Rambo returns to last year’s form for Georgia

semerson@macon.comNovember 1, 2012 

ATHENS -- Bacarri Rambo was walking to the training room in the Georgia football facility Sunday when a plaque caught his eye. It heralded the program’s all-time leader in interceptions.

“What’s his name, Jack Scott? Jake Scott? I saw one of his plaques and saw he had 16 (interceptions),” Rambo said. “That would be pretty nice if I got three more.”

Rambo, a senior, said it with a wistful smile, as if knowing his time was running out. But then he added his own asterisk.

“The only thing about Scott, he played from 66-68. He did it in what, three years?” Rambo said. “Shoot, it took me four years.”

And for a while, the Donalsonville native was sidetracked. But he appears back on track now.

Go back to the end of last season, when Rambo was on top of his game. Then a junior, he was named an AP All-American, after racking up an SEC-leading eight interceptions. He sent his name in to the NFL draft advisory committee, expecting to hear back enough to validate turning pro.

But before the Outback Bowl, Rambo didn’t get the NFL draft grade he wanted. So he returned to school, figuring his senior year would up his stock. Then came the spring, when news broke that Rambo was facing a four-game suspension for a second violation of UGA’s student-athlete drug policy.

Rambo did sit out Georgia’s first four games, and when he returned he looked rusty. The play that signified that came in his first game back, against Tennessee, when Rambo made a play for an interception. He timed it wrong, and the result was a completion for the Volunteers and a long gain.

Scott Lakatos, the secondary coach at Georgia, also points to a near-interception against South Carolina.

“Anybody that misses games is gonna take awhile to recover,” Lakatos said. “That’s the issue when people get suspended or they get injured for a long time. They don’t just come right back in and hit on all cylinders right off the bat. It just doesn’t work that way. That’s why you have practice. That’s why you play games and work yourself into a better situation.

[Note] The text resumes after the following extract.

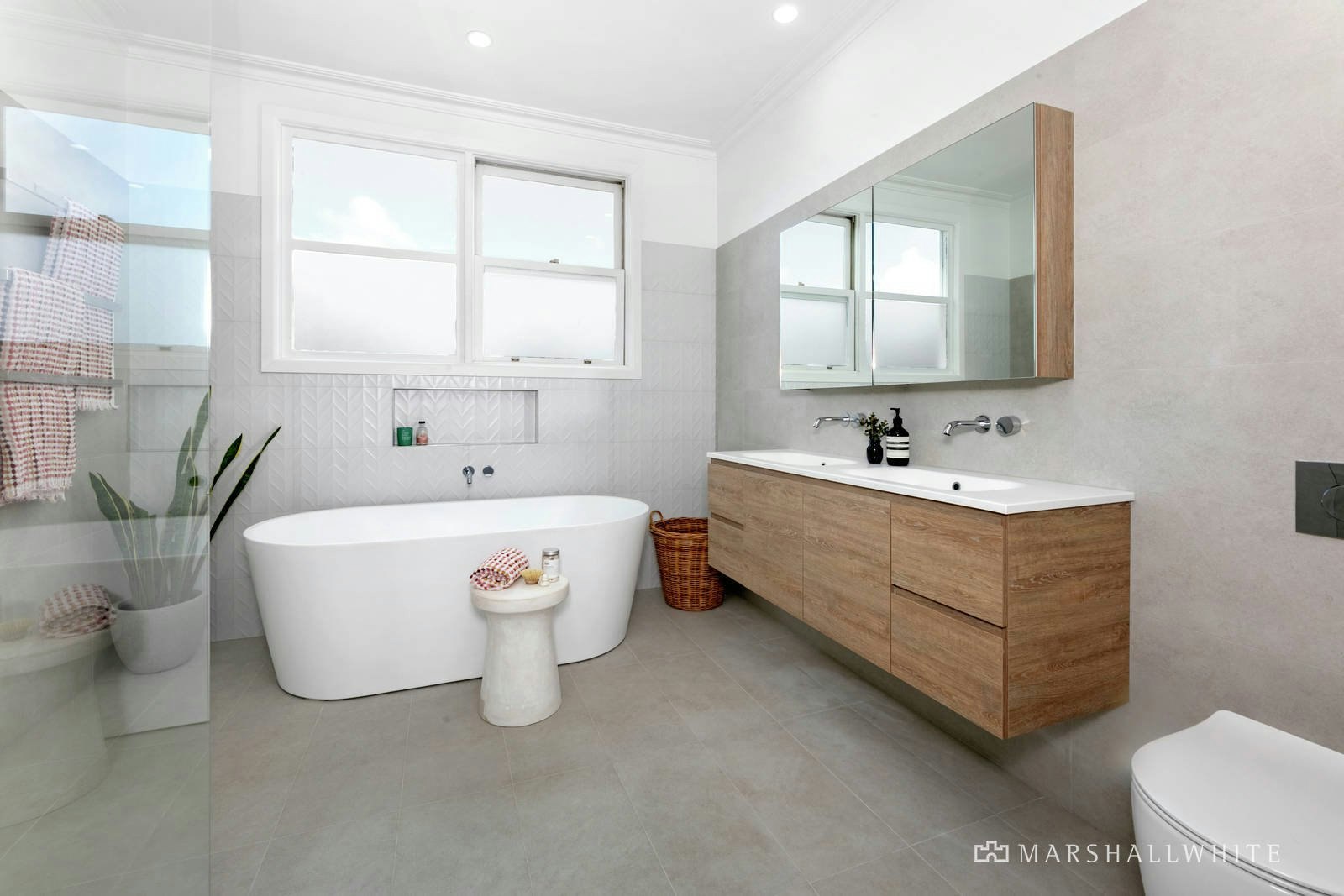 25 McPherson Avenue, Carnegie, VIC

“When he first came back, the interception he almost made against Tennessee, the interception he almost made against South Carolina. I don’t know if he would’ve made them or wouldn’t have, but he’d probably have a better chance if the same plays were to happen right now.”

And Rambo showed that against Florida.

As the first half wound down, the Gators were driving near the end zone. Rambo remains on the field for goal-line situations because in addition to his athletic ability, he is a physical player. So he was in the end zone, eyeing Florida quarterback Jeff Driskel as he rolled to the sideline, looking for a receiver. Rambo stepped in front of the pass and picked it off -- finally notching his first interception of 2012.

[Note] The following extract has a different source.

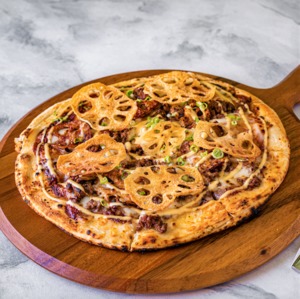 Drivu Miso Beef Pizza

“He just did a good job of breaking on the quarterback and making that pick,” head coach Mark Richt said. “I don’t know how smart it was to take it out (of the end zone). But it was a good play.”

But Rambo still had another big play in him, only it wasn’t a pick. During the fourth quarter, he recorded the first sack of his career, helping derail a Florida drive. Rambo said he studied film and learned how to time it the right way. Then it was about waiting for the signal from defensive coordinator Todd Grantham to make the safety blitz.

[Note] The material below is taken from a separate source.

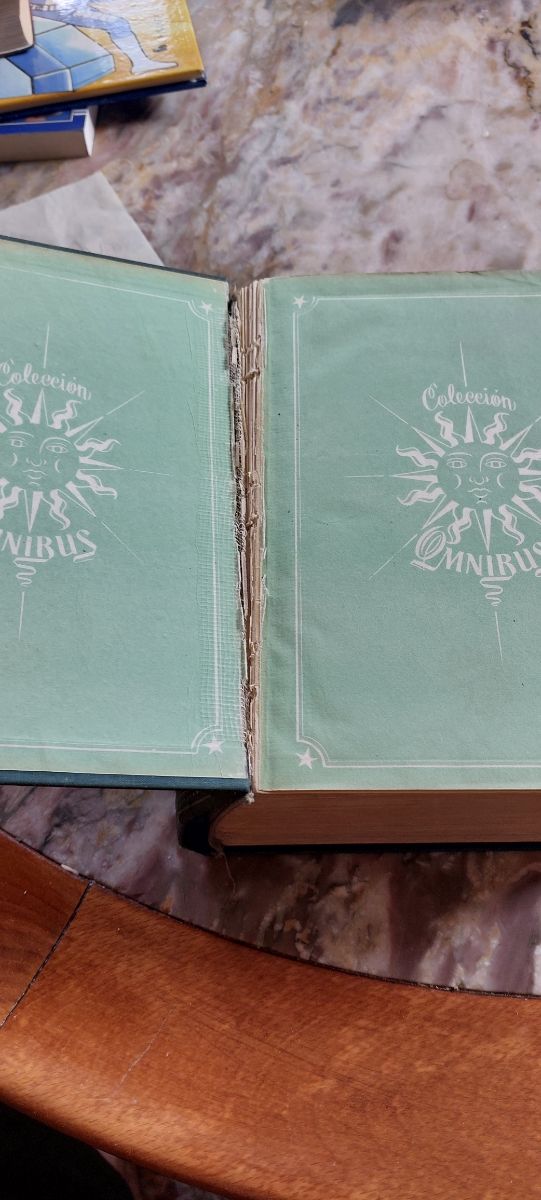 Libro I cipressi credono in Dio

“I was just waiting for Coach Grantham to call the play,” Rambo said. “He called it at the right time. Because it looked like they were about to run a screen, and once I got through there, there was nobody to block me.”

Rambo peppers his comments with praise for his coaches and talks about how much time he has spent in the film room and improved his technique.

“I’m becoming more of a student of the game now,” he said. “I used to do things but didn’t know why I did them. But now I can play a certain coverage, and I know why I’m playing them, because it also helps me to know where everyone else is gonna be.”

While on suspension, Rambo hung out with junior linebacker Alec Ogletree, his fellow suspended starter. Late on Fridays, while the rest of the team was either traveling or headed to the Athens hotel where it stays, the pair would go to the practice facility and work out.

“We had to stick together during that process and help one another out,” Rambo said. “When one of us was getting down, we had to have the other guy come pick us up, just know that we weren’t gonna be out the whole season, it was just a certain amount of games. We had to keep fighting, we were working out together, running, trying to stay in shape, so when the time came we weren’t missing a step.”

As it turns out, Rambo was a bit off at first. But the hope now is he’s back into the form that made him an All-American -- and could lead to him breaking that school interception record.

“I can still do those things like last year,” Rambo said.